Plusieurs rallyes peuvent être très difficiles à appréhender :

  • le Monte-Carlo avec énormément de changements de conditions au sol signifie que le rythme sera très irrégulier, haché, et cela demande alors beaucoup de concentration pour être dans une annonce parfaite des notes. Ajoutez à cela le fait que les ouvreurs corrigent et rajoutent beaucoup d'informations, et vous aurez alors des notes très denses et complexes.
  • la Corse ne laisse aucun répit ni en recos ni en course. Dans la première phase les routes ultra sinueuses et étroites, mettront les nerfs à rude épreuve, et pourtant c'est là que 50% du rallye se joue : la prise de note est essentielle. Dans la seconde phase, le débit d'annonce des notes sera très élevé, aucune ligne droite pour reprendre son souffle. Le pilote et le copilote seront littéralement en apnée mentale.
  • la Finlande demandera un effort de "visualisation", d'anticipation au moment de la prise de note : à 80km/h il s'agira d'estimer trajectoires et sauts abordés à 170km/h en course. Le copilote ne devra pas se faire surprendre lors notamment des premières participations : la vitesse est telle sur cette épreuve, que la plupart des virages passent "un ton au dessus" que ce qui est écrit dans le cahier !

Une bonne note pour un pilote est-elle une bonne note pour un copilote ? Devez-vous vous adapter au pilote et son langage ?

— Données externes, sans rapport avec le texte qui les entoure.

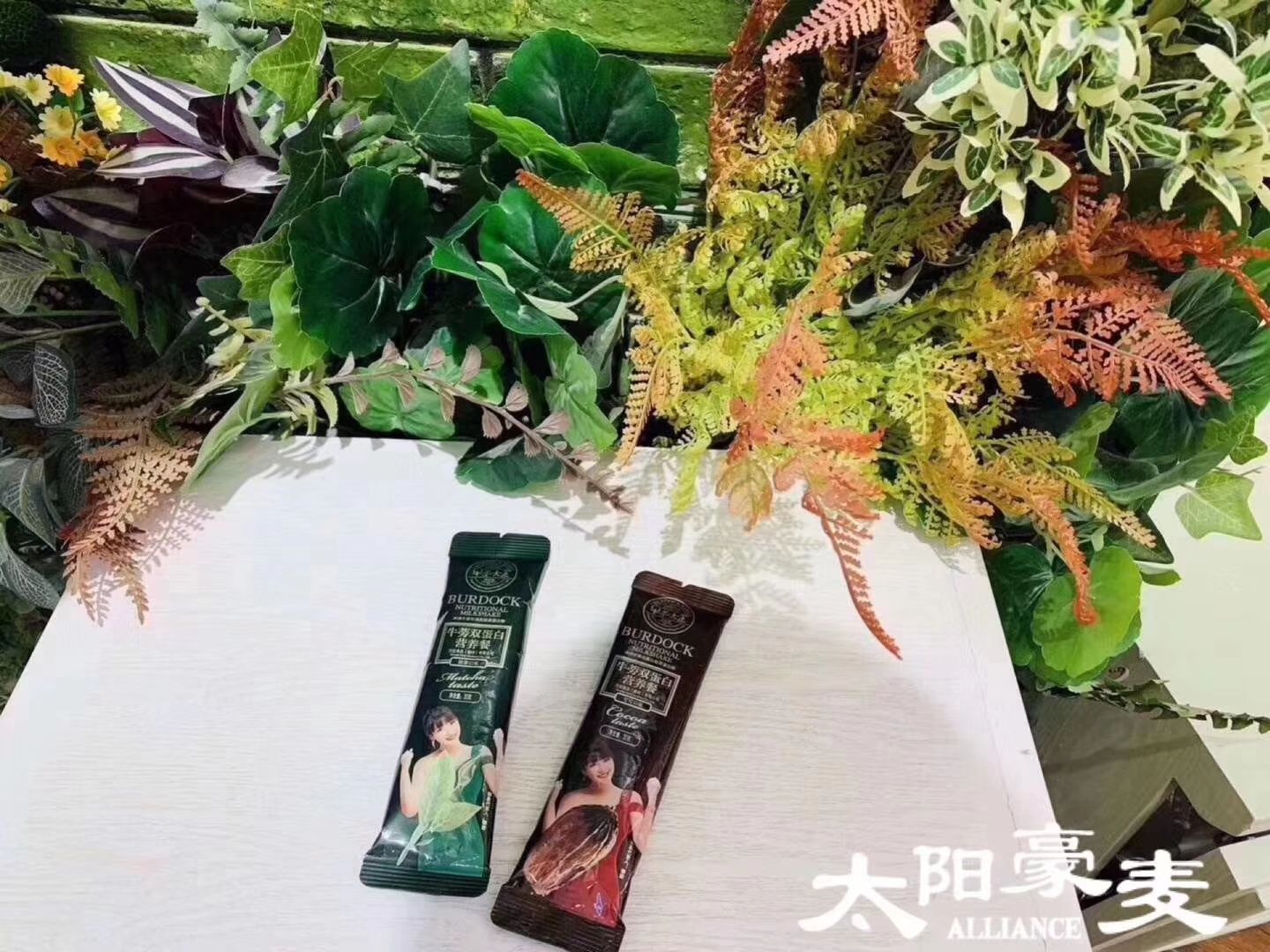 牛蒡双蛋白营养餐，喝出好身材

Il est évident que le copilote s'adapte à la vision de la route de son pilote. Mais au-delà de "s'adapter", le copilote peut et doit aussi apporter des éléments de confort ou de performance à son "chauffeur". Proposer des termes plus concis mais tout aussi "parlants", mettre en garde sur le fait qu'une certaine note très chargée puisse devenir indigeste en condition de course, ou encore alerter sur certains éléments manquants. Seb est extrêmement concentré durant les reconnaissances, et parfois lorsque j'ai une interrogation, plutôt que de l'interrompre, j'annote cela dans mon cahier et lui en parle lorsque nous revoyons les videos ensemble.

Photo : L’équipage quintuple champion du monde pose devant sa monture, la nouvelle Ford Fiesta.  

Finalement, le copilote que vous êtes, quel pilote est-il ?

Je pense que je pourrais être un assez bon pilote si je n'avais pas un défaut assez crucial : ne pas regarder assez loin les trajectoires ! Mais ça se travaille ! En tous cas j'ai à peu près réussi à suivre le rythme de Romain Dumas (double vainqueur des 24 Heures du Mans au général) sur un karting de location à Alès ! J'aime prendre le volant, cela procure beaucoup de sensations et de plaisir ! Comme dans la vie de tous les jours je roule vraiment comme un "papy", et que j'essaie pour une fois, de profiter des paysages (!), je me suis fait plaisir en achetant un kart-cross et un simulateur...et je dois avouer que c'est juste génial !

Essayez-vous de vous inspirer de votre pilote ou non ?

Ca peut paraître étonnant, mais après toutes ces années et ces dizaines de milliers de kilomètres parcourus, le pilotage de Seb a déteint sur moi, oui. Des freinages bien en ligne, dégressifs. Des phases bien décomposées, minimiser la glisse ou encore "asseoir" la voiture avant un gros jump... tout cela je l'ai observé et je m'en suis imprégné. Mais il me reste encore deux ou trois petites choses à comprendre avant de faire un scratch dans une powerstage...!"

Photo principale : Le copilote de Sébastien Ogier, Julien Ingrassia, quintuple champion du monde WRC, sera bientôt au Mans, comme Président du programme de détection Rallye Jeunes FFSA Copilotes. Hier, c’était la rentrée pour le WRC à Birmingham. Julien Ingrassia a partagé quelques souvenirs avec l’ACO : il s’essaie au pilotage, sur simulateur.